Ein Auszubildender arbeitet an einem Stromkasten | dpa

Ausbildungsmarkt Corona-Delle im dualen System

Stand: 13.04.2022 16:00 Uhr

In Deutschland sind 2021 erneut weniger neue Ausbildungsverträge abgeschlossen worden als vor der Pandemie. Zugleich sank die Zahl der Bewerbungen. Auch schlossen weniger weniger Nachwuchskräfte ihre Ausbildung erfolgreich ab.

Seit Beginn der Corona-Krise fällt es Unternehmen in Deutschland schwerer, ihre Ausbildungsplätze zu besetzen. Zwar haben im vergangenen Jahr hierzulande 467.100 Menschen einen neuen Ausbildungsvertrag abgeschlossen - und damit mehr als 2020, wie das Statistische Bundesamt mitteilte. Das Niveau aus dem Vorkrisenjahr 2019 wurde aber erneut nicht erreicht.

Zum selben Ergebnis kommt auch eine neuen Studie des Instituts für Arbeitsmarkt- und Berufsforschung (IAB), welche in Nürnberg vorgestellt wurde. Demnach gab bei der Befragung des Instituts fast die Hälfte der Betriebe an, dass die Zahl der Bewerbungen zurückgegangen sei. Etwa 40 Prozent berichteten außerdem, dass die Qualität der Bewerbungen abgenommen habe.

Weniger abgeschlossene Ausbildungen

Gleichzeitig sank nach Angaben der Betriebe auch die Zahl der abgeschlossenen Berufsausbildungen: So konnte gerade in einmal 38 Prozent der ausbildenden Betriebe eine Nachwuchskraft ihre Ausbildung erfolgreich abschließen. Zwei Jahre zuvor hatte dieser Anteil noch bei 55 Prozent gelegen. Als Gründe nannten die Betriebe die kleineren Ausbildungsjahrgänge und pandemiebedingte Einschränkungen wie verschobene Prüfungen oder Inhalte, die sich nicht in der vorgesehenen Zeit vermitteln ließen.
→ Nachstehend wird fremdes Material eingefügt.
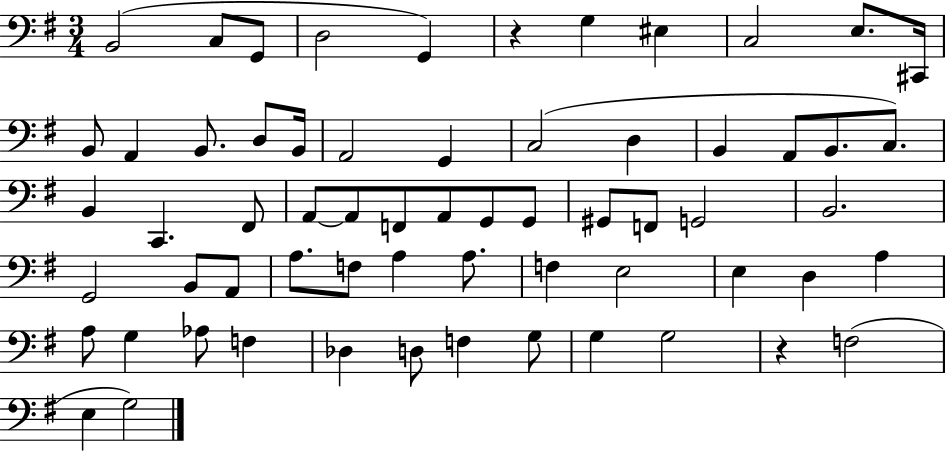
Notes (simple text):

B2/h C3/e G2/e D3/h G2/q R/q G3/q EIS3/q C3/h E3/e. C#2/s B2/e A2/q B2/e. D3/e B2/s A2/h G2/q C3/h D3/q B2/q A2/e B2/e. C3/e. B2/q C2/q. F#2/e A2/e A2/e F2/e A2/e G2/e G2/e G#2/e F2/e G2/h B2/h. G2/h B2/e A2/e A3/e. F3/e A3/q A3/e. F3/q E3/h E3/q D3/q A3/q A3/e G3/q Ab3/e F3/q Db3/q D3/e F3/q G3/e G3/q G3/h R/q F3/h E3/q G3/h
Grundsätzlich leidet das duale Ausbildungssystem unter der Konkurrenz akademischer Bildungswege und den sinkenden Zahlen bei den Schulabsolventen. Die Zahl der Bewerber ist seit Jahren tendenziell rückläufig. In der Corona-Krise sind zudem zahlreiche Informationsveranstaltungen an den Schulen sowie Betriebspraktika ausgefallen. Gerade deshalb betonte IAB-Direktor Bernd Fitzenberger die Relevanz des dualen Systems bei der Bekämpfung des Fachkräftemangels. Doch sowohl die Besetzung der Ausbildungsplätze als auch der erfolgreiche Abschluss habe in der Pandemie deutlich gelitten.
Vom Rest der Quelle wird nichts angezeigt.